Hopefully readers of IBM’s papers won’t be mislead, and they’ll just look elsewhere for both the real facts as well as working products that actually deliver the price/performance advantage of EFDs today. And as of this writing, the only place to get EFDs in every class of commercial external storage array is where it all started – at EMC. Only here are EFDs already integrated into products and solutions that are benefitting literally hundreds of Symmetrix, CLARiiON and Celerra customers around the world.

fixin’ the facts

I know first hand that IBM is a big company (I used to work there), and I know how hard it is to coordinate across a mass of people. But to get simple facts wrong in a white paper – well, it just makes me wonder if the authors and reviewers actually took the time to research their paper before writing it.I found several factual inaccuracies in this paper, so in the interest of keeping us aligned on the facts, I’m offering several corrections. Maybe someone at IBM will see this and fix the paper (if they do, I’d appreciate a citation noting my contributions):

Page 3: Enterprise-class flash drives actually made their “appearance” in 2007, not 2008. As BarryW likes to harp, he actually blogged about the STEC ZeusIOPS drives that he had in his labs in September 2007. I trust BarryW wasn’t lying, so the paper’s authors are off by a year.

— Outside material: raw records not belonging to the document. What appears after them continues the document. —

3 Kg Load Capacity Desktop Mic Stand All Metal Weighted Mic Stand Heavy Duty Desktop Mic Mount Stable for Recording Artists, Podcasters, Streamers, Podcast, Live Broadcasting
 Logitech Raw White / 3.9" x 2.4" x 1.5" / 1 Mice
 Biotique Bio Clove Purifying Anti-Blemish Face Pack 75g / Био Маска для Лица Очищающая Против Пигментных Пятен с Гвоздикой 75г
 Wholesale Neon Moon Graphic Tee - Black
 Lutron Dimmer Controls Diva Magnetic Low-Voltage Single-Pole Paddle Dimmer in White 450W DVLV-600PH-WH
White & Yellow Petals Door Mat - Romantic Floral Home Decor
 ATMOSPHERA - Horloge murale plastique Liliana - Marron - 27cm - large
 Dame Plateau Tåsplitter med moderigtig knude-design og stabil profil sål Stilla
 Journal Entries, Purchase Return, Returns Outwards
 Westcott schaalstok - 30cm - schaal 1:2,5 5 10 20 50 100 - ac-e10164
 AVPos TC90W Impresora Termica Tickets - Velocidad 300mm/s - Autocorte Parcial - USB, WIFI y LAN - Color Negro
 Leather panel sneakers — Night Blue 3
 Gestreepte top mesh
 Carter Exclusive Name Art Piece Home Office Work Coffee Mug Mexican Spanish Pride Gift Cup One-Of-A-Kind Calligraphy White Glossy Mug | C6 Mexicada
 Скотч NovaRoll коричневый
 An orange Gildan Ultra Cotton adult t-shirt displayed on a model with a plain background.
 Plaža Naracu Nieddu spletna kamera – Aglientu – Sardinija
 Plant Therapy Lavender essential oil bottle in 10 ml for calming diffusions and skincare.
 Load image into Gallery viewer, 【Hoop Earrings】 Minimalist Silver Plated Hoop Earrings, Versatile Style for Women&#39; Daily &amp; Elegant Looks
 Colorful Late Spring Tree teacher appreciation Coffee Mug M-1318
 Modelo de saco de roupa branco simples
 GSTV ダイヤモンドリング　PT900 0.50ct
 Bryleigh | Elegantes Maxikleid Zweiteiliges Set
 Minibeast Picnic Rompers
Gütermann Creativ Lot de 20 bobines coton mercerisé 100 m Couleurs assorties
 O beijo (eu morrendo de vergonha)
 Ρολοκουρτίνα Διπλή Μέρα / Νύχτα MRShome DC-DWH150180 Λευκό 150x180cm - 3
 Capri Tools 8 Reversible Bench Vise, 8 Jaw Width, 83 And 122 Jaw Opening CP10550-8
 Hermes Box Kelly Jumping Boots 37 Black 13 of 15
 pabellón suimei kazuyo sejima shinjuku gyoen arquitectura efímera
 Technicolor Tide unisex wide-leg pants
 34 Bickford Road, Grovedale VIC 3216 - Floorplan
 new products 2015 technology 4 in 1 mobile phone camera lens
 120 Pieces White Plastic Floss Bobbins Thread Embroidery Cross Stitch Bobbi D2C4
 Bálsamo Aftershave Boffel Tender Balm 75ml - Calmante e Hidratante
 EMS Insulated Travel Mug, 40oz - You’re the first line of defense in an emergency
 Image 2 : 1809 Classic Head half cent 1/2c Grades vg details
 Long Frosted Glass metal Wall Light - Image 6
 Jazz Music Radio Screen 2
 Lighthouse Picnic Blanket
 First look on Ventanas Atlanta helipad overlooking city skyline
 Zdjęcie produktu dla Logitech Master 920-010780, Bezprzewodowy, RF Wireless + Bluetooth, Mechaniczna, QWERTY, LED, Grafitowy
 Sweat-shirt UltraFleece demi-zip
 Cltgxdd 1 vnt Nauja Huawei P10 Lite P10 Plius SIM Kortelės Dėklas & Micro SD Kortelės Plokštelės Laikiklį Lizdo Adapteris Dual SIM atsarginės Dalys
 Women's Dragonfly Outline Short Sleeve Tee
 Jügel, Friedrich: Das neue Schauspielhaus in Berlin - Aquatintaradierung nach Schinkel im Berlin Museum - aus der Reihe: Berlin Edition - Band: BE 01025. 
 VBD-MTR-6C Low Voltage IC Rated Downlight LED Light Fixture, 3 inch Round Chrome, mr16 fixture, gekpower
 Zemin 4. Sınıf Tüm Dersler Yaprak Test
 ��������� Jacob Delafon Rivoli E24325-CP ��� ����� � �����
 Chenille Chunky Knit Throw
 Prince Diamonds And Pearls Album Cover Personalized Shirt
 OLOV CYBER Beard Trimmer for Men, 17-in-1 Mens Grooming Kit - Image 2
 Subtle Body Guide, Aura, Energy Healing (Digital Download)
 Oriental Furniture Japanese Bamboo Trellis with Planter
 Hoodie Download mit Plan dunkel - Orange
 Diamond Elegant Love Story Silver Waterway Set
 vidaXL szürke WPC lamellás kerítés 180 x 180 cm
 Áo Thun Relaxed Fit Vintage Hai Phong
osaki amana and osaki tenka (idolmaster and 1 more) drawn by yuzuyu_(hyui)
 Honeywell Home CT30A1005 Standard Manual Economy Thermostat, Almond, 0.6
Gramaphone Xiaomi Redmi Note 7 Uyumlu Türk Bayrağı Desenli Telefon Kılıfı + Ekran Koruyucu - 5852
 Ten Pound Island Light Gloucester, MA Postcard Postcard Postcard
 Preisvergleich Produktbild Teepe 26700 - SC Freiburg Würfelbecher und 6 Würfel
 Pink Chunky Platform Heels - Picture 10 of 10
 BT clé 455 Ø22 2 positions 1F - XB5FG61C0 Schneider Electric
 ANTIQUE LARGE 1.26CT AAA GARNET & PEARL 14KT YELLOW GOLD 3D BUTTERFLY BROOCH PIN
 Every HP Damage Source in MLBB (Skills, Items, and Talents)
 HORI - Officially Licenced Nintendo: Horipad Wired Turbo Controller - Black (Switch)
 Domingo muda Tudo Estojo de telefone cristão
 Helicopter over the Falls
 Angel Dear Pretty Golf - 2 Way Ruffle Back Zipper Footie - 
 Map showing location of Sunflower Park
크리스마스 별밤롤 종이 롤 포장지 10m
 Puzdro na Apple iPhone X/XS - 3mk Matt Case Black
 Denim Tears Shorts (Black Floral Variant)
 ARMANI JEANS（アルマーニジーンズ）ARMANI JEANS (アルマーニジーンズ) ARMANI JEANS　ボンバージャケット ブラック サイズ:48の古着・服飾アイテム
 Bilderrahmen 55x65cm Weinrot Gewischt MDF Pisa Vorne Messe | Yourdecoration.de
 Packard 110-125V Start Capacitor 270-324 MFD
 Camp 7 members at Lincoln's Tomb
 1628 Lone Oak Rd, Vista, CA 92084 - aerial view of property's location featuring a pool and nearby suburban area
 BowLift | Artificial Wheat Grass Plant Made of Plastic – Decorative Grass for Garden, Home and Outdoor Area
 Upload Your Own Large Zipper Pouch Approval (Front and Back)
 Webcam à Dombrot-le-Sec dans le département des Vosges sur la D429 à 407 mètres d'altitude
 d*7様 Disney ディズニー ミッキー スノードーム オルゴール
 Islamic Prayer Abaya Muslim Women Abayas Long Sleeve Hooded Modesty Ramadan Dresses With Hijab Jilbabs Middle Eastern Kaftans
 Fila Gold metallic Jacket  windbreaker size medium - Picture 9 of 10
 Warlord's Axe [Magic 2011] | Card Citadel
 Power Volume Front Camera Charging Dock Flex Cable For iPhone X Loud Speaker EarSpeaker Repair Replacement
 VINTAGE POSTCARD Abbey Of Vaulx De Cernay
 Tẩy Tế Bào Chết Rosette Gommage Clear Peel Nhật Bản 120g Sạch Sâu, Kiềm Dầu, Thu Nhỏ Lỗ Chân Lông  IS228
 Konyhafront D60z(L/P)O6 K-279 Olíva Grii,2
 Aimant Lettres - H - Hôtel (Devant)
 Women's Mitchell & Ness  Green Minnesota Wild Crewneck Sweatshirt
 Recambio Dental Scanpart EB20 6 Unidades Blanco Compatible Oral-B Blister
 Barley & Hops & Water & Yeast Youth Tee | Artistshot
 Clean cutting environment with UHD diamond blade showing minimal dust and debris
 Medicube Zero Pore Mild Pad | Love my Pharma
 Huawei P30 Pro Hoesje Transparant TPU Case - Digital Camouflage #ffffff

Page 9: Using multiple channels to parallelize writes inside an Enterprise-class Flash Drive not only benefits write performance, it also allows an EFD to deliver sustained READ performance at over 200MB/s (on the latest generation STEC ZeusIOPS drives). Without this fact, the last paragraph on this page might leave the reader to believe that EFDs are slower than the disk drives shown in the chart on Page 5.

Page 10: The Endurance paragraph asserts the SLC NAND has a WRITE endurance of 1 million cycles, when in fact typical SLC NAND components are rated at 100,000 WRITE cycles (and frequently exhibit better than 300,000 cycles). Likewise, I’ve never heard of MLC NAND being rated as high as 100,000 cycles, with 10,000 being typical.

Page 10: The last paragraph references a Flash SSD rated at 50K READs/sec and 17K WRITEs/sec with a 5-year rated lifecycle, and asserts that these drives are “new, and … will experience a learning curve that will improve reliability and price.” While that statement isn’t entirely inaccurate, the STEC ZeusIOPS is far from “new” – especially in terms of technology maturity cycles. In fact, ZeusIOPS is actually in it’s second generation, will millions of hours of production run-time under its belt. (OK yes, new to IBM, but that’s really irrelevant).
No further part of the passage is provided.